All of my experiences led me to him.
The other day I pulled out one of my old journals that captured my life at the age of 25, and I read every scribbled page. A common theme I noticed from the words of my younger self was how desperately alone I felt in the love department. I wanted to find true love, and what I know now that I didn’t know then is that it would be eight whole years before I would meet the human with whom I would finally experience the meaning of true, wholesome, respectful, kind love. Pure. Unconditional.
I shudder when I think of what I put myself through. How I settled for less than I should have. How fearful I was, and how I chose relationships that were not good for me. Until everything exploded, time and again, in the exact same ways. Patterns. Signs to wake up and choose differently and make change.
At last, at 31, on my face at rock bottom in the pits of betrayal, I finally saw the light. Found clarity. Saw the wounds I needed to heal myself. Realized the lesson I had so very needed to learn, for life had been serving up the same obstacles over and over again as opportunity to overcome them. To grow. Evolve.

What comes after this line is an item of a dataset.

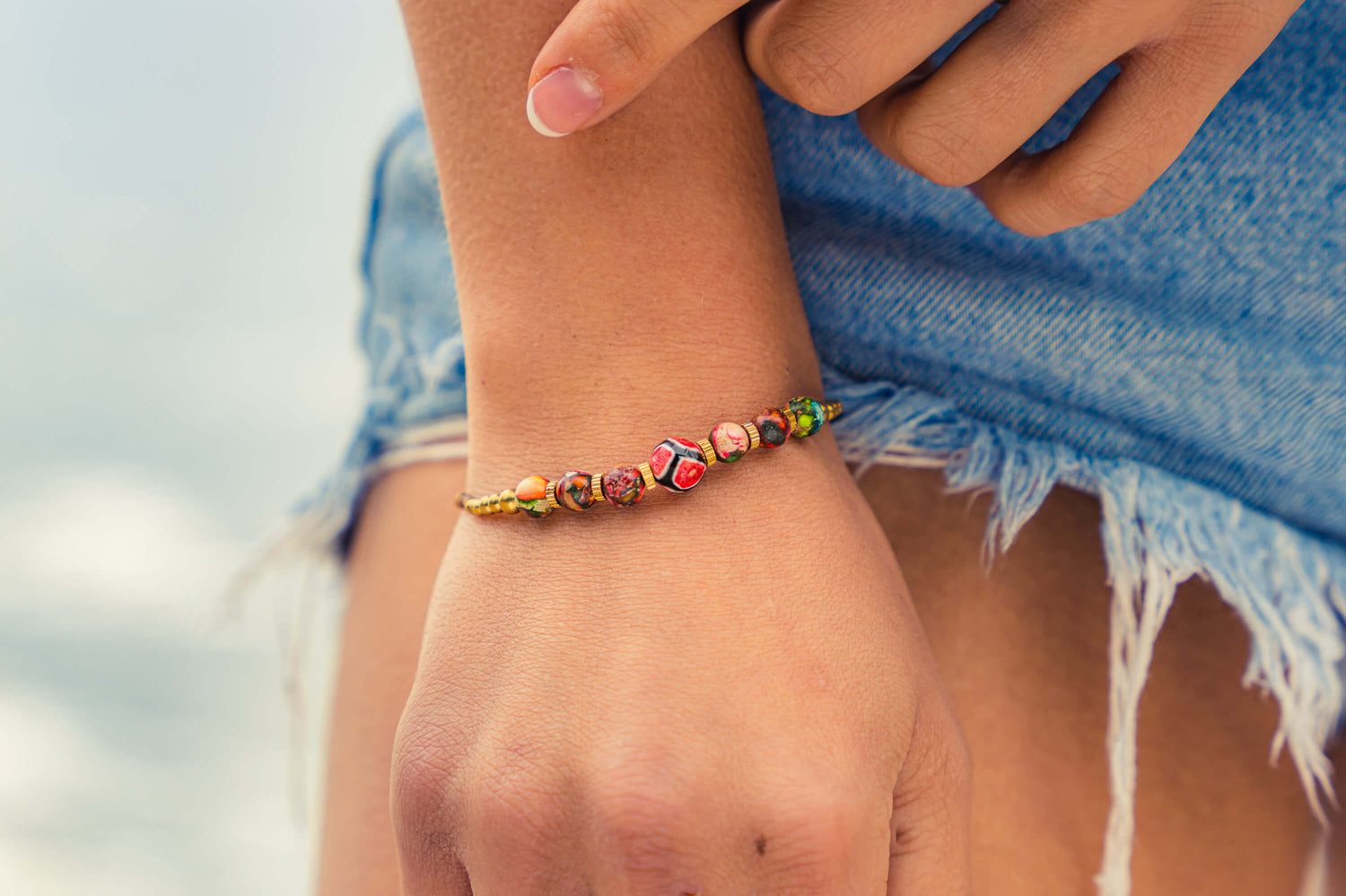 Made by Nami Surfer Goa " Tiger Beads" Armband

And so I did. I consciously walked through a door and closed it behind me. A new chapter. A new way of living and loving. I listened to my self. I learned to trust, once more, the person I was. I surrendered to something greater than me, and discovered a whole new sense of faith. I released control and let go of fear. I chose love. Some say this is the miracle: the transition from fear to love.
And then, when I was free of desperation and pain and fear, when I was the most whole version of myself I had ever been, the most wonderful human being just slid into my life. A gift from the gods. A man of virtue and love unlike any I’ve known.
We all have our paths and if we listen to our hearts, trust where we are and surrender to what is, life seems to bring us right to where we belong, ultimately. It might take years of loneliness and even heartache, as it did for me, but I wouldn’t change a thing about my journey to finding love. Corny, yes, but whatever cus it’s all true.